Miraculously, on the 33rd day of the Omer, known by its Hebrew numeric equivalent – Lamed (30) Gimel (3) or “Lag Ba Omer, the plague subsided. This gave rise to the festive observance of Lag Ba Omer, including the celebration of weddings and the holding of concerts and other musical events. It is customary to have outdoor activities on Lag Ba Omer such as bon fires, field days and picnics. Because Lag Ba Omer is also the anniversary of the death of the Great Talmudic and Kabbalistic sage, Rabbi Shimon Bar Yochai celebrations are often held in his honor, especially at his grave site in the Israeli town of Meiron.

This is a video of the Breslav Hasidim singing the traditional song “Bar Yochai composed in honor of the sage and traditionally sung on Lag Ba Omer.  Click here for the lyrics in Hebrew and transliteration.

Here is video by Rabbi Tovia Singer of Hundreds of Hassidim gathered at the gravesite of Rabbi Shimon Bar Yochai .

The process of counting the Omer is outlined in most prayer books and in many standalone Omer Counters and apps.  An introductory meditation is first offered, containing the biblical commandment to count the Omer:

“You shall count from the eve of the second day of Pesach, when an Omer of grain is to be brought as an offering, seven complete weeks. The day after the seventh week of your counting will make fifty days, and you shall present a new meal offering to God (Leviticus 23:15-16).”

A blessing thanking God for making us Holy by giving us the commandment to count the Omer is then recited followed by the announcement of the new day. This announcement includes the exact number of weeks and days of the counting, thus, on the 22 day of the Omer one would declare, “ Today is the 22nd day marking three weeks and one day of the Omer.” The Omer must be counted after dark to ensure that a complete day has passed between each counting. Here is the text in Hebrew and English.
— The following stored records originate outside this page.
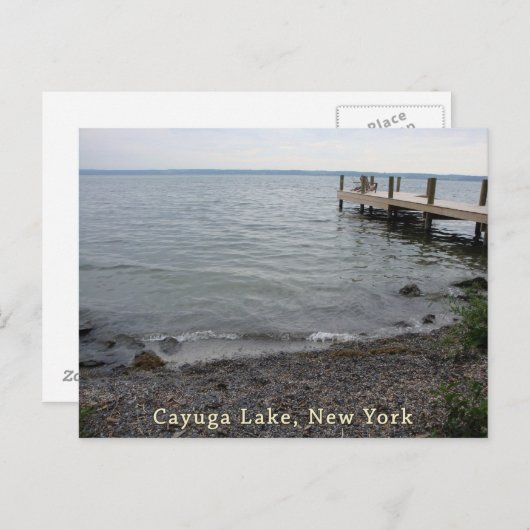 Carte Postale Plage rocheuse du lac Cayuga (Devant / Derrière)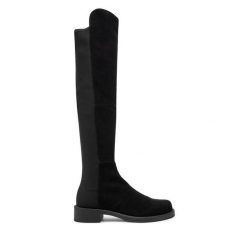 Muszkieterki Stuart Weitzman. Czarne kozaki Stuart Weitzman, bez wzorów, bez obcasa, na płaskiej podeszwie, bez zapięcia. Za 3,629.00 zł.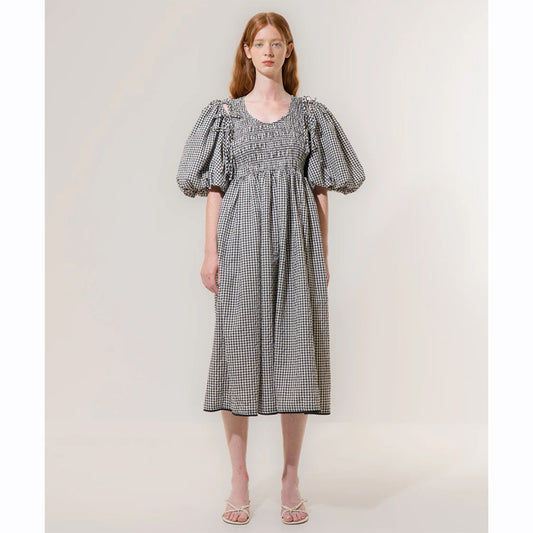 Emin+Paul Puff Sleeve Tie Dress Black Check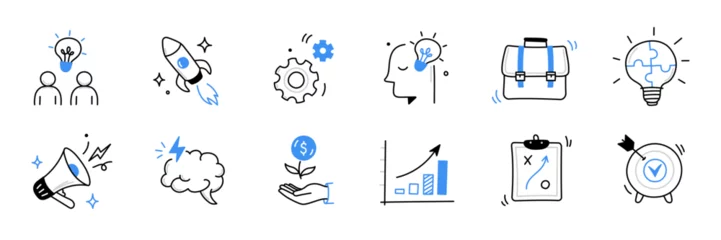 Foto op Plexiglas Business idea, startup doodle line icon set. Hand drawn doodle sketch line style business strategy, finance goal, startup idea concept. Rocket, target, brain cute element. Vector illustration © Polina Tomtosova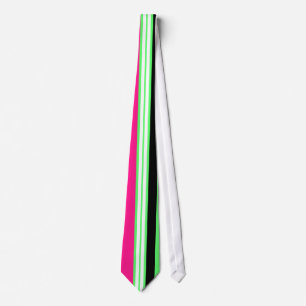 Corbata Modernas rayas rosas y negras de color verde claro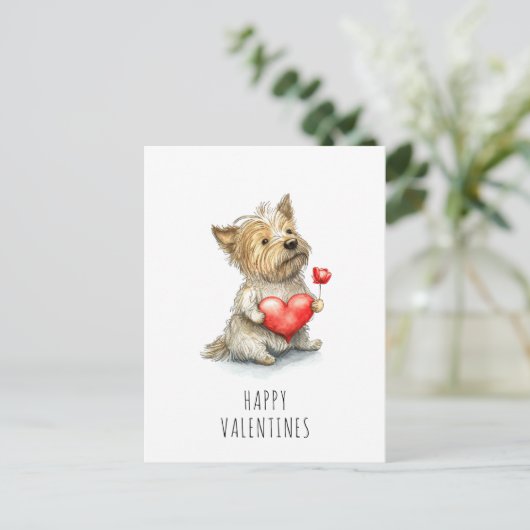 Carte Postale Valentines Jour Chien tenant Coeur Aquarelle Douce (Debout devant)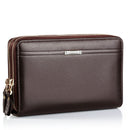LEINASEN A80 Multi-Card Men Hand Bag Double Zip Big Capacity Wallet(Brown)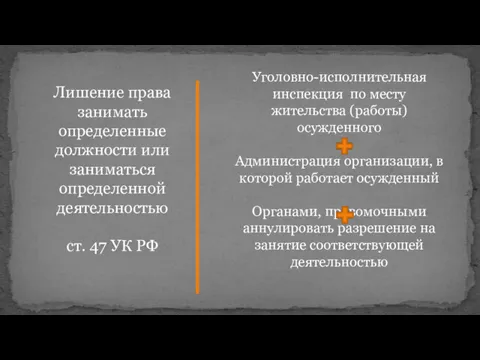 Лишение права занимать определенные должности или заниматься определенной деятельностью ст.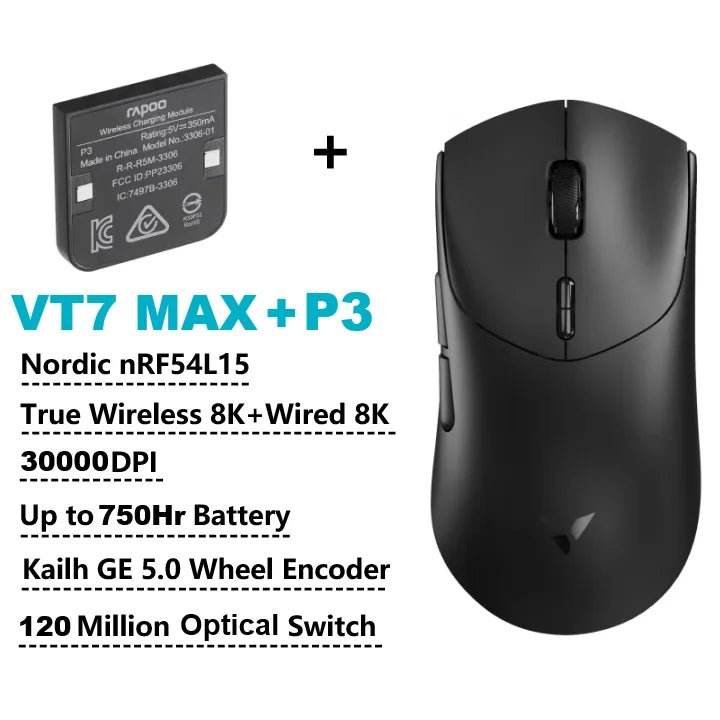 Rapoo VT7 MAX /VT7 Wireless Gaming Mouse True 8K Wireless Polling Rate 53g Lightweight Up to 750Hr Battery Life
Below is a video of extremely talented Cantor Netanel Hershtik together with his choir chanting the Sefirat Ha Omer Prayers.

Rabbi Jill Jacobs writing for my Jewish Learning.Com, express the significance of the counting of the Omer in a clear and precise manner:

“While Pesach celebrates the initial liberation of the Jewish people from slavery in Egypt, Shavuot marks the culmination of the process of liberation, when the Jews became an autonomous community with their own laws and standards. Counting up to Shavuot reminds us of this process of moving from a slave mentality to a more liberated one.”

Although it may seem like a lot of attention is given to counting a period of 49 days that fall between two Jewish Holidays; in a similar fashion to the Pesach Seder, the Sefirat Ha Omer helps create a mutigenerational bond that links us to our biblical ancestors and reminds us of the significance of personal as well as spiritual freedom. Counting the Omer is a ritual  in which the entire family can participate. As we count each day, we are reminded not to take everything in our busy lives too seriously but to focus on what really counts.

I hope you enjoy this brief look at our prayers. If you have a suggestion or question or request, email me at mailto:hazzan@e-hazzan.com or leave a comment below.

Take care,

Hazzan Michael Krausman

 

Share a prayer Yitziv Pitgam: Special prayer for the Second Day of Shavuot

Prequel:

After the  experiencing the Exodus from Egypt, the Children of Israel were given seven weeks to prepare for the watershed moment in the development of our people, the giving of the Torah on Mt Sinai. Today, in commemoration of these biblical events, we meticulously count the Omer, the days and weeks from Pesach, the occasion marking our physical freedom to Shavuot, the festival celebrating our transformation from a band of escaped slaves into a holy nation.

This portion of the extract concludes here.